Posted by on June 15, 2007

Found this in an old letter that I never got around to sending and thought I would recycle it. This is from 2004:

Gene recently decided he wanted to make his own cologne so that he didn’t smell like anyone else. He had heard that the Body Shop had ingredients for making one’s own scent, so we stopped in there over the weekend. They had six “essential oil” scents in tester bottles for combining. We were fiddling around with them when one of the store employees — clearly the kind of girl who would describe herself as “a little bit psychic” without irony — oozed up to us. She took Gene by the hand and started massaging his forearm.

“You’re looking for a scent that exemplifies who you are, right?” she asked with impressive incorrectness.

“Uh,” said Gene, trying and failing to gently free his arm. “Actually I’m just looking for something that smells good.”

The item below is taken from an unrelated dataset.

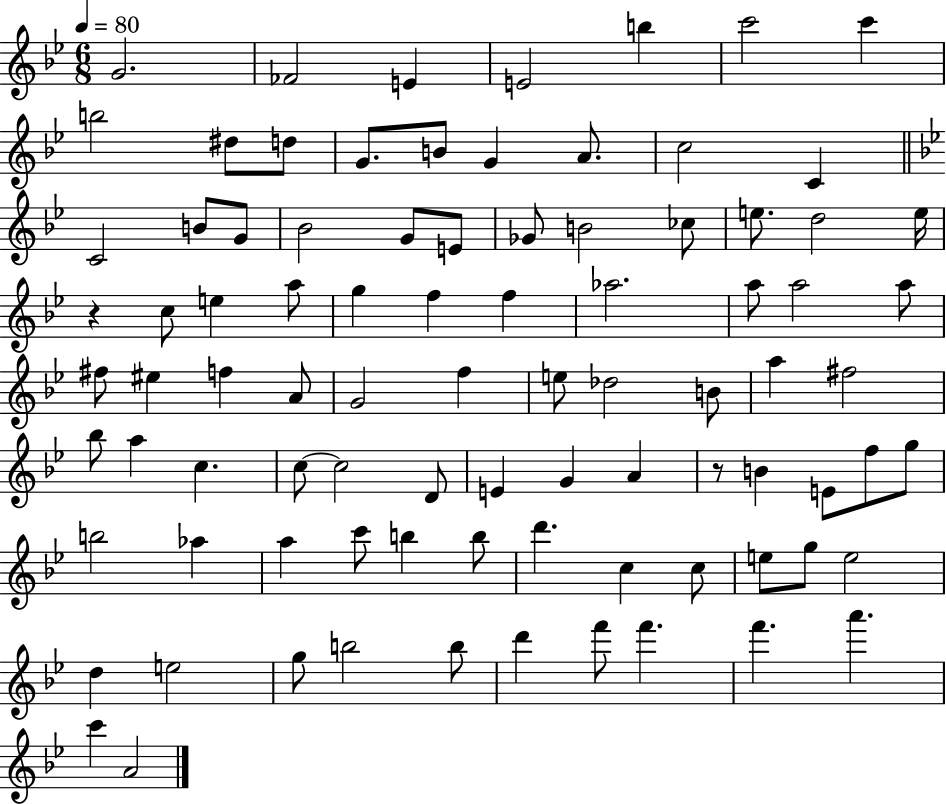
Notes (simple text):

G4/h. FES4/h E4/q E4/h B5/q C6/h C6/q B5/h D#5/e D5/e G4/e. B4/e G4/q A4/e. C5/h C4/q C4/h B4/e G4/e Bb4/h G4/e E4/e Gb4/e B4/h CES5/e E5/e. D5/h E5/s R/q C5/e E5/q A5/e G5/q F5/q F5/q Ab5/h. A5/e A5/h A5/e F#5/e EIS5/q F5/q A4/e G4/h F5/q E5/e Db5/h B4/e A5/q F#5/h Bb5/e A5/q C5/q. C5/e C5/h D4/e E4/q G4/q A4/q R/e B4/q E4/e F5/e G5/e B5/h Ab5/q A5/q C6/e B5/q B5/e D6/q. C5/q C5/e E5/e G5/e E5/h D5/q E5/h G5/e B5/h B5/e D6/q F6/e F6/q. F6/q. A6/q. C6/q A4/h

“You’re a strong person,” she said, ignoring him in favor of her corporate soul-reading trance, and rubbing her hands up and down his arm to his extreme dismay. “You’re also passionate. And I’m reading just a hint of citrus.”

“Do you need a scent, too?” another employee asked me as I stood on the sidelines.

“No, thanks,” I said. “I’m just here to watch the lions and the Christians.”

The girl was now dropping little splashes of various oils onto Gene’s still-trapped arm, pausing after each one to smell it and then encourage him to smell it. “It’s good, right?” she encouraged him. “Cinnamon. And here’s a little hint of chocolate. And the slightest breath of mint. And some grapefruit.” You can imagine.

For the next two days, every hour was punctuated by Gene sniffing his arm and mournfully declaring, “I still smell.” I don’t think it’s worn off yet; we might have to employ steel wool. In the meantime I continue to get my cologne fix from all the beautifully-scented men of the Castro. I’m thinking I might just eliminate the middle man and start wearing Gene’s old cologne myself. Don’t you think that would be a magnificent, Georges Sand kind of thing to do?

Three years later, the scent has mostly worn off, but he never did find the perfect smell. Holler out if anyone has a suggestion. Eau de Concrete?